All of lore.kernel.org
 help / color / mirror / Atom feed
From: Jingbo Xu <jefflexu@linux.alibaba.com>
To: xiang@kernel.org, chao@kernel.org, linux-erofs@lists.ozlabs.org
Cc: huyue2@coolpad.com, linux-kernel@vger.kernel.org,
	linux-fsdevel@vger.kernel.org
Subject: [PATCH v2 0/7] erofs: support page cache sharing between EROFS images in fscache mode
Date: Wed, 11 Jan 2023 16:31:51 +0800	[thread overview]
Message-ID: <20230111083158.23462-1-jefflexu@linux.alibaba.com> (raw)

changes since RFC:
- patch 2: allocate an anonymous file (realfile) when file is opened,
  rather than allocate a single anonymous file for each blob at mount
  time
- patch 7: add 'sharecache' mount option to control if page cache
  sharing shall be enabled

RFC: https://lore.kernel.org/all/20230106125330.55529-1-jefflexu@linux.alibaba.com/


[Background]
=============
Erofs already supports chunk deduplication across different images to
minimize disk usage since v6.1.  Furthermore, we can make inodes among
different images share page cache for these deduplicated chunks to
reduce the memory usage.  This shall be much usable in container
scenarios as deduplication is requisite for container images.


[Implementation]
================
This is achieved by managing page cache of deduplicated chunks in
blob's address space.  In this way, all inodes sharing the deduplicated
chunk will refer to and share the page cache in the blob's address
space.


[Restriction]
==============
The page cache sharing feature also supports .mmap().  The reverse
mapping requires that one vma can not be shared among inodes and can
be linked to only one inode.  As the vma will be finally linked to the
blob's address space when page cache sharing enabled, the restriction of
the reverse mapping actually requires that the mapped file area can not
be mapped to multiple blobs.  Thus page cache sharing can only be
enabled for those files mapped to one blob.
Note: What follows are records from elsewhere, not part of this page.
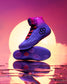 Purple wrestling shoe with a unique design on a reflective surface with a colorful background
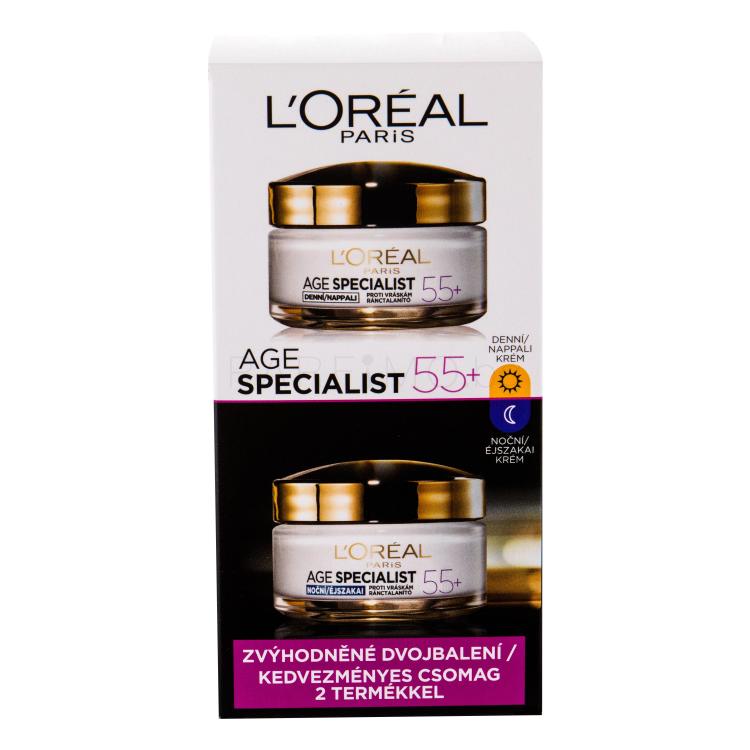 L&#039;Oréal Paris Age Specialist 55+ Подаръчен комплект дневна грижа за лице 50 ml + нощна грижа за лице 50 ml увредена кутия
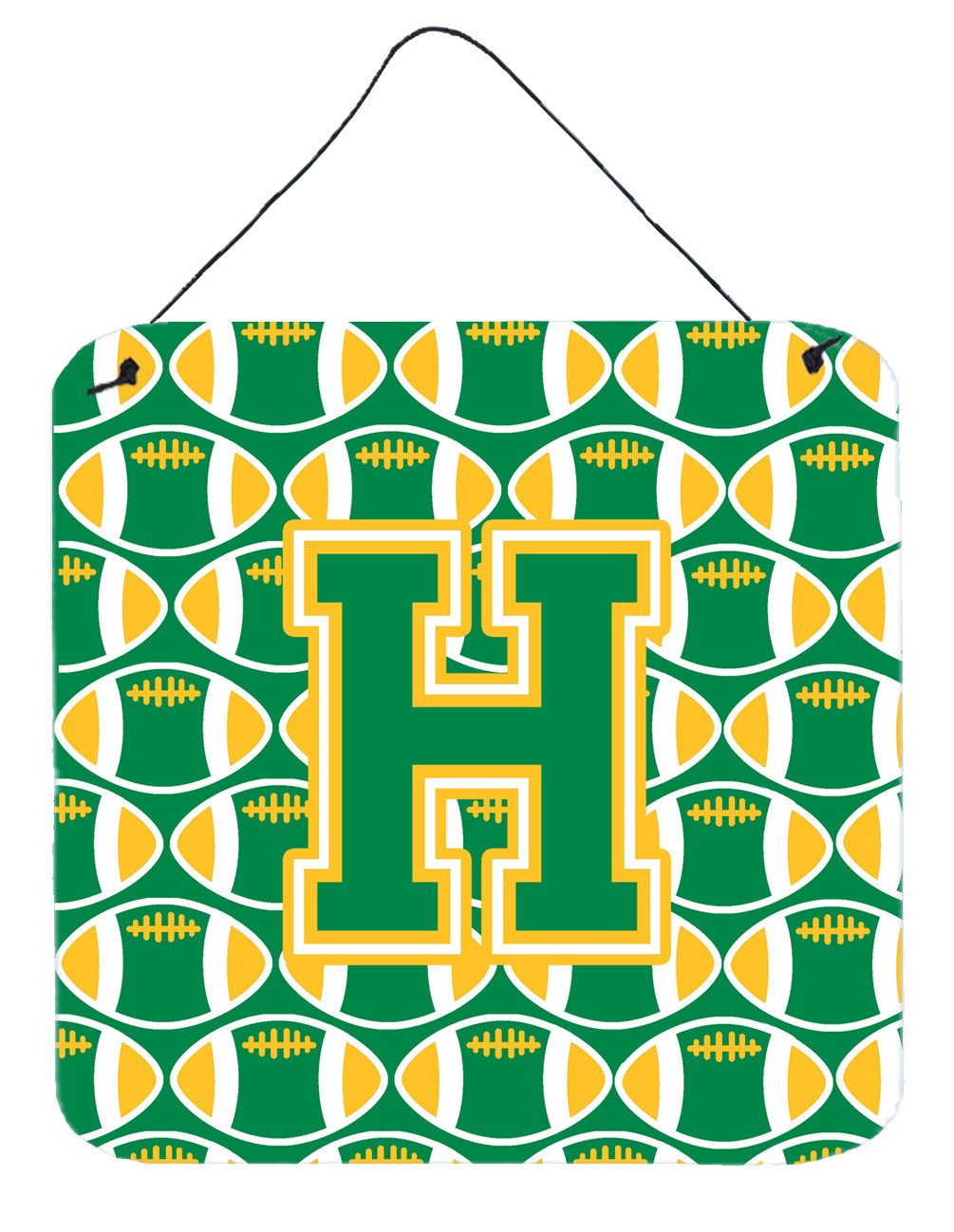 Letter H Football Green and Gold Wall or Door Hanging Prints CJ1069-HDS66 by Caroline&#39;s Treasures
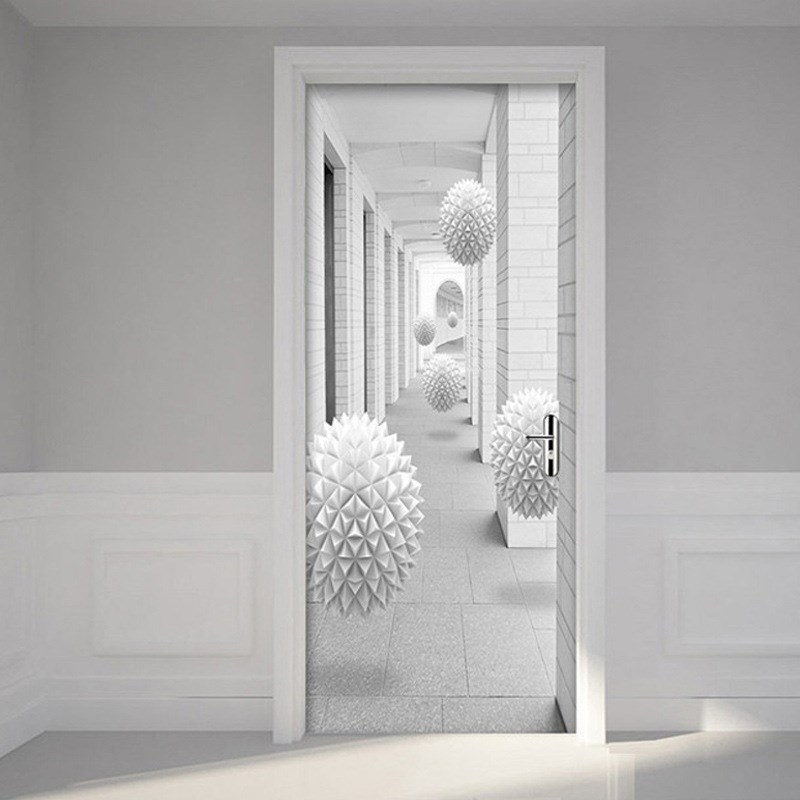 速发巨创跨境货源PVC贴纸个性自粘门贴 墙面装饰走廊圆球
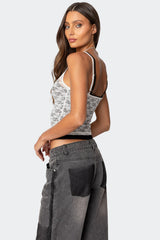Wynnie Layered Lace Tank Top - White - Small
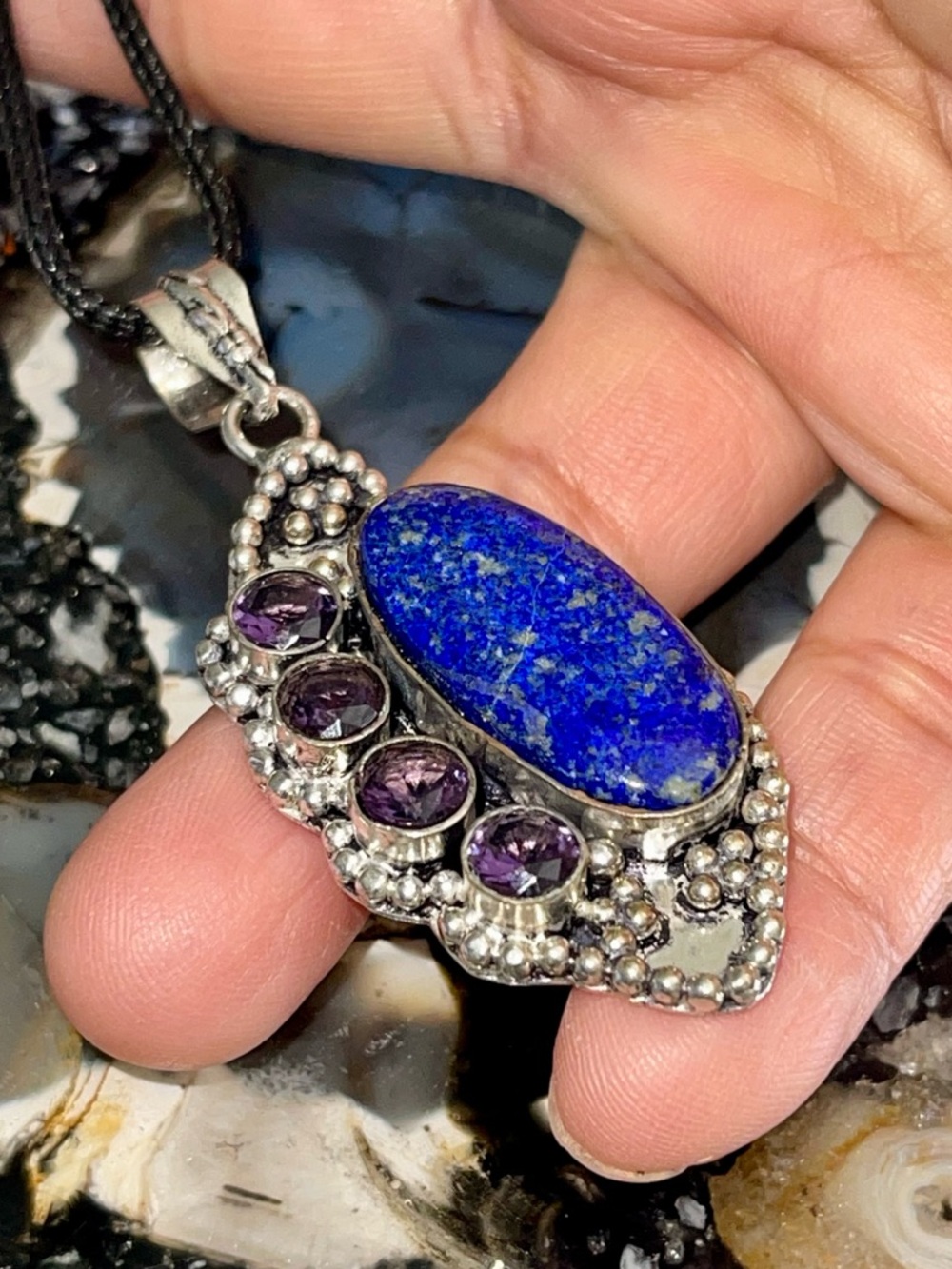 Lapiz Lazuli “The Protection Stone” Pendant 2 1/4” - Picture 3 of 14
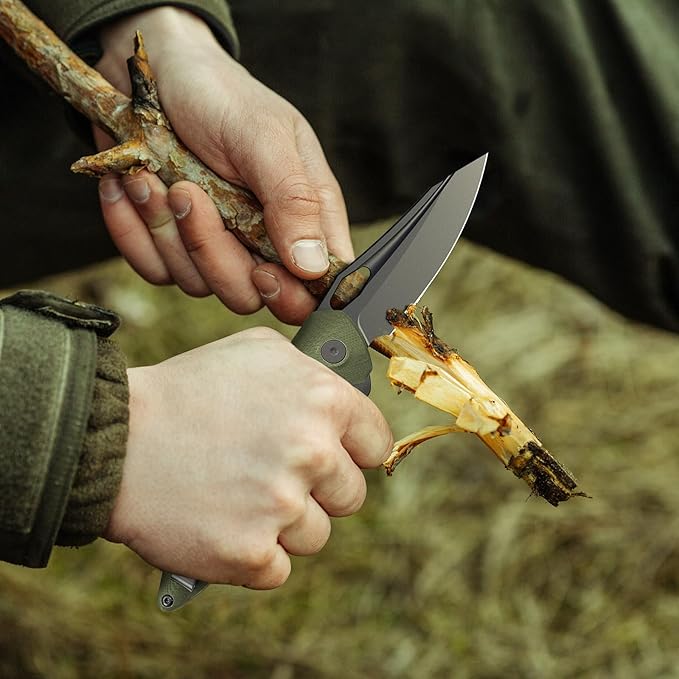 FINTISO Apollo Pocket Knife, 3.3" 14C28N Blade G10 Handle Folding Knife with Liner Lock, Small EDC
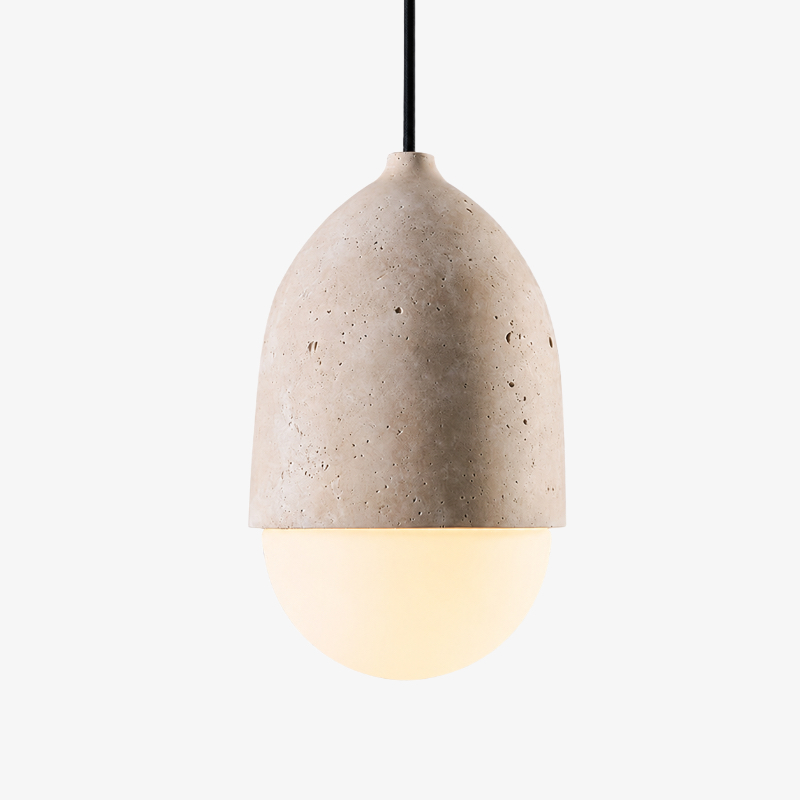 B style travertine pendant light, 5.9 inch / 15 cm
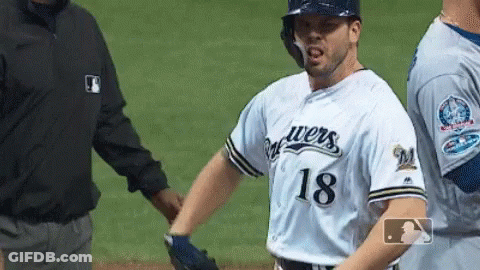 Baseball Player Number 18 Talks To Umpire GIF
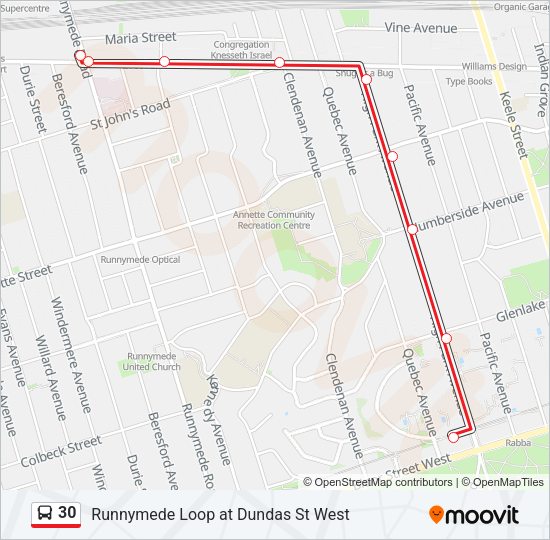 30 Bus Line Map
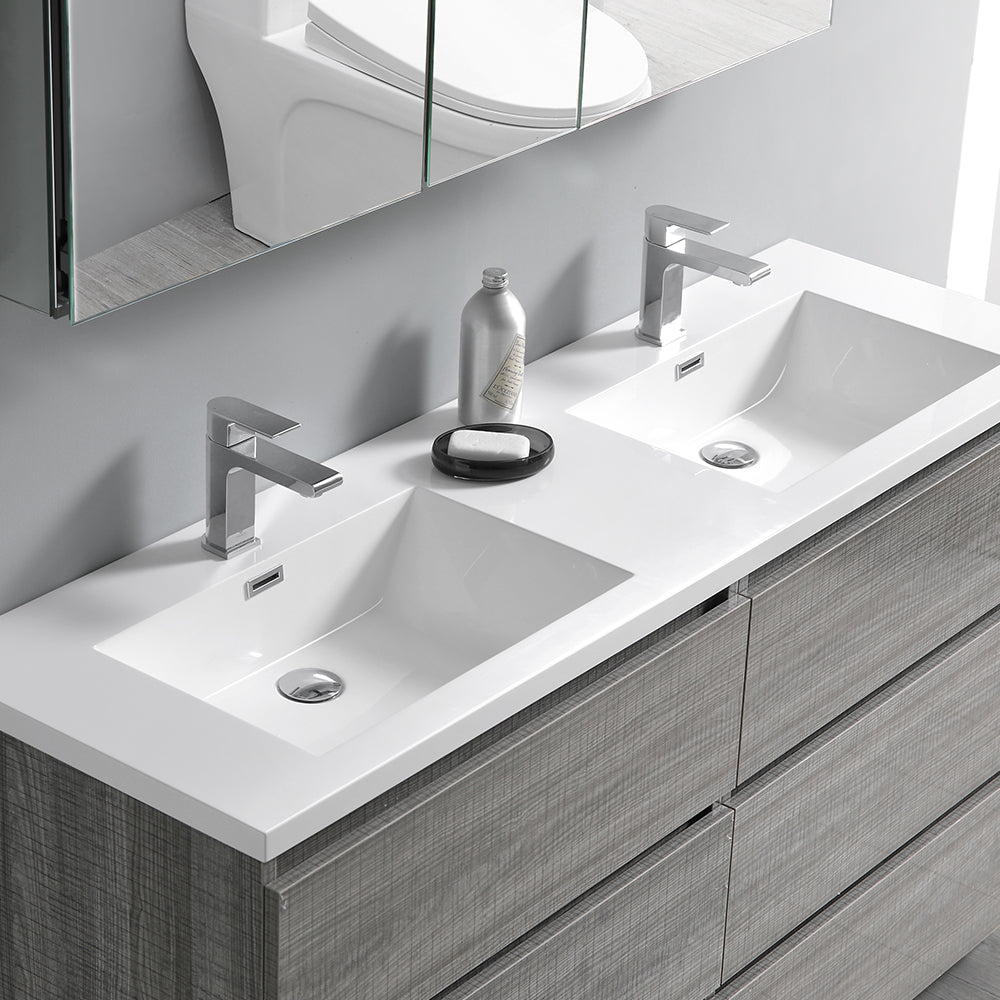 Fresca Lazzaro 60 Glossy Ash Gray Free Standing Modern Bathroom Cabinet W/ Integrated Double Sink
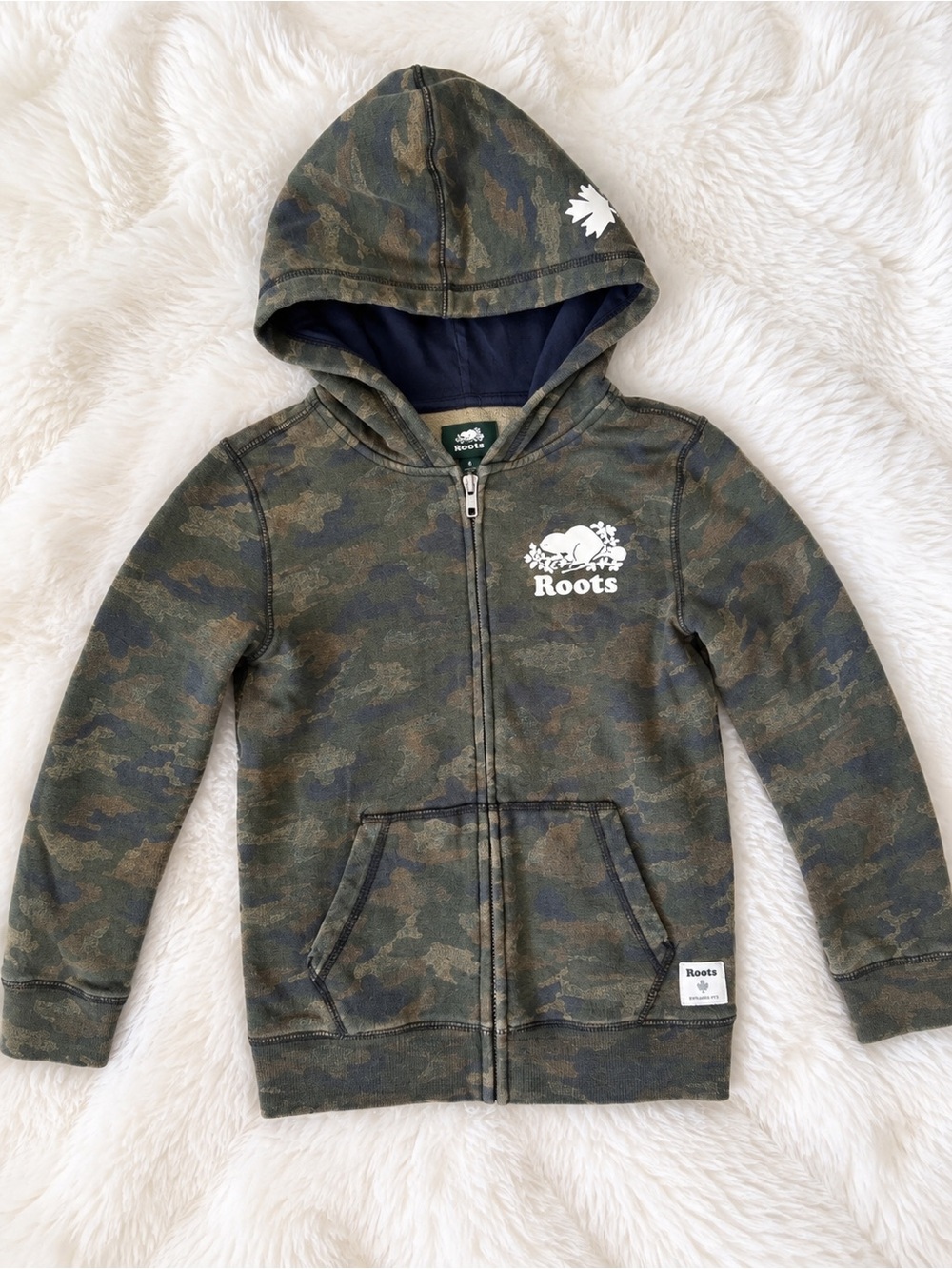Roots Kids Camo Full Zip Hoodie Youth M 7-8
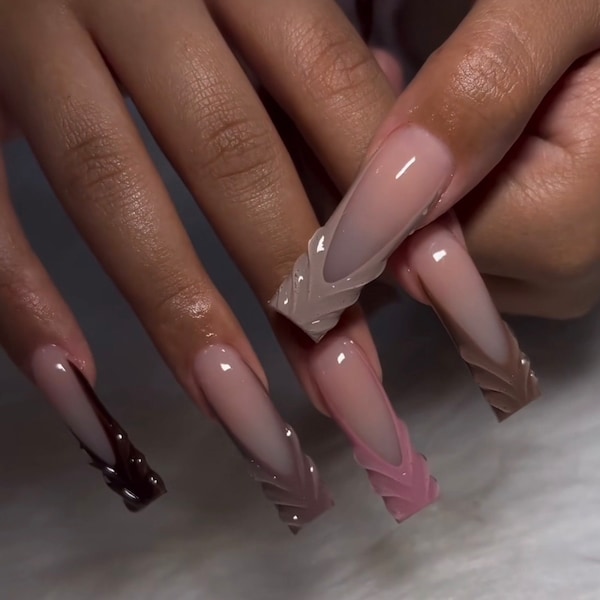 3D Nude Shades French Tip Press On Nails|Nude Nails|Long Nails|French Tip Nails|Fall Nails|Luxury Nails|Abstract Nails|Texture Nails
The chunk based data layout guarantees that a chunk will not cross the
device (blob) boundary.  Thus in chunk based data layout, those files
smaller than the chunk size shall be guaranteed to be mapped to one
blob.  As chunk size is tunable at a per-file basis, this restriction
can be relaxed at image building phase.  As long as we ensure that the
file can not be deduplicated, the file's chunk size can be set to a
reasonable value larger than the file size, so that the file contains
only one chunk, in which case page cache sharing feature can be enabled
on this file later.


[Effect]
========
The final optimization result of this feature depends on the following
factors:

1. The number of deduplicated (shared) chunks.  Images sharing most of
the layers (e.g. a base image and v1 image based on the base image) will
achieve better optimization.

2. As the restriction mentioned above, the number of files for which
page cache sharing can ben enabled among the files accessed.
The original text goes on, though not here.